А теперь самый странный, самый страшный, самый сокрушительный вывод… или же самый естественный, с печальной и трагической необходимостью вытекающий из сказанного, – как кому покажется… Мысль, прежде звучавшая невнятно, выданная в ясной и откровенной форме, может произвести впечатление высокомерной, претенциозно-элитарной, не ко времени утонченной и аристократически-презрительной, предельно недемократичной и в этом смысле вполне скандальной.

Дело в том, что я уже поставил последнюю точку в этой книге, когда вдруг осознал, что главную свою идею выразил расплывчато, утопив ее в последовательности почти однообразных по сюжету рассказов и в море деталей, иные из которых сами по себе любопытны. Читатель, не дойдя, быть может, и до середины текста, воскликнет: «Стоп! Сколько можно?! Стреляются да рубятся! Надоело!» И будет по-своему прав.

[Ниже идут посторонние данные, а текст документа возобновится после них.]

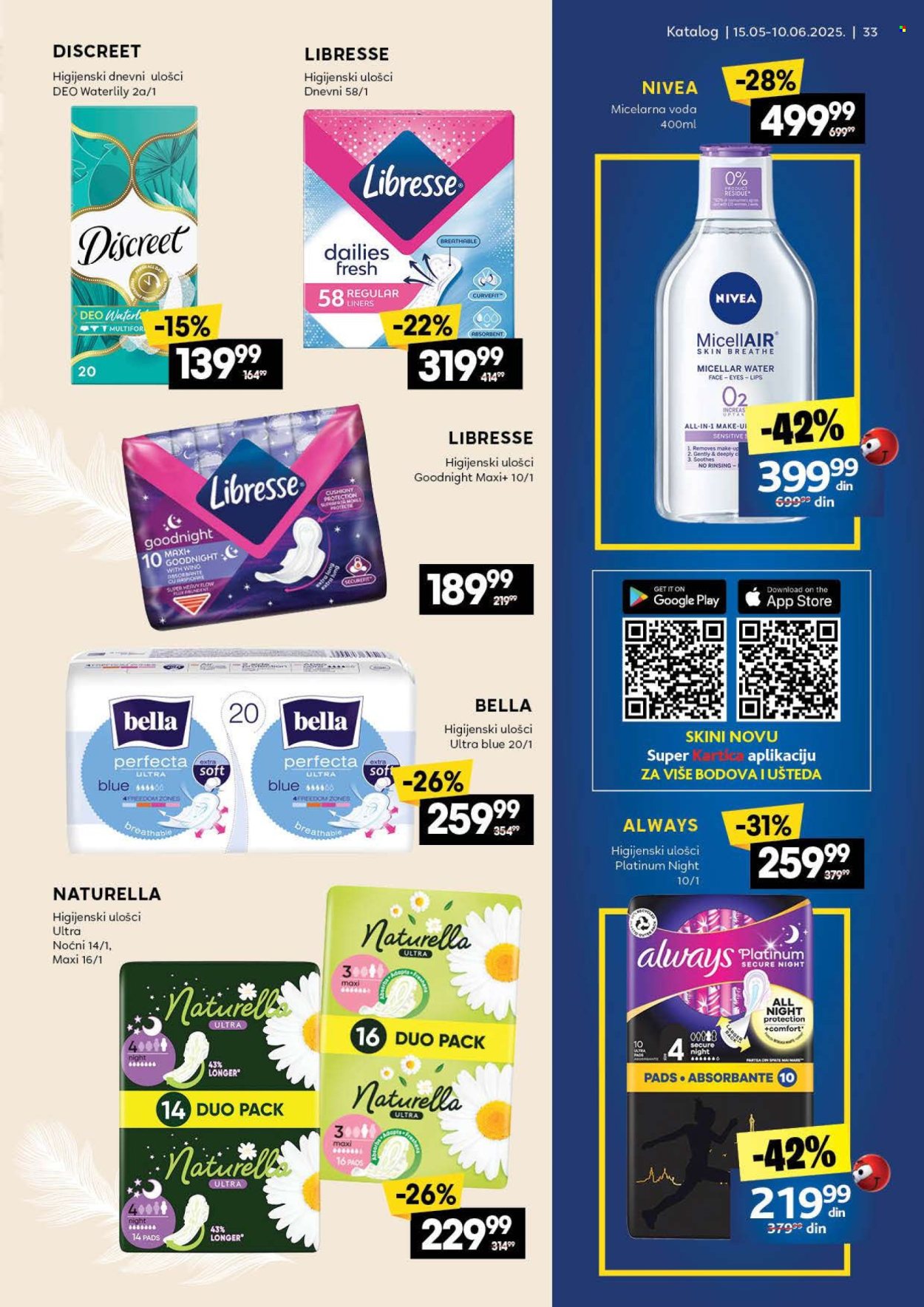 Roda katalog - 15.05.2025 - 10.06.2025. Stranica 33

И получается, что в итоге я невольно последовал совету Юрия Лотмана, беспечно и немного легкомысленно брошенному им г-ну Вострикову: побольше поручиков да капитанов из дальних, заштатных гарнизонов. То есть словно бы обязан торжествовать главный нерв и главный мотив русской литературы (как их выразили критики-демократы) – покажите нам маленького человека.

А ведь не этого я желал.

Я вообще давно сомневаюсь, что т. н. маленький человек – главный мотив и первая обязанность русской литературы. Бесконечно люблю гоголевскую «Шинель», а все же сомневаюсь, что речь там идет о пресловутом маленьком. О человеке – да! Но каждый человек равен Вселенной. Каждый равен посвоему, а все же равен! Микрокосм равен Макрокосму. Эта замечательная мысль средневековой философии была подзабыта за два последних столетия, но сейчас оживает. И правда ее становится все более убедительной.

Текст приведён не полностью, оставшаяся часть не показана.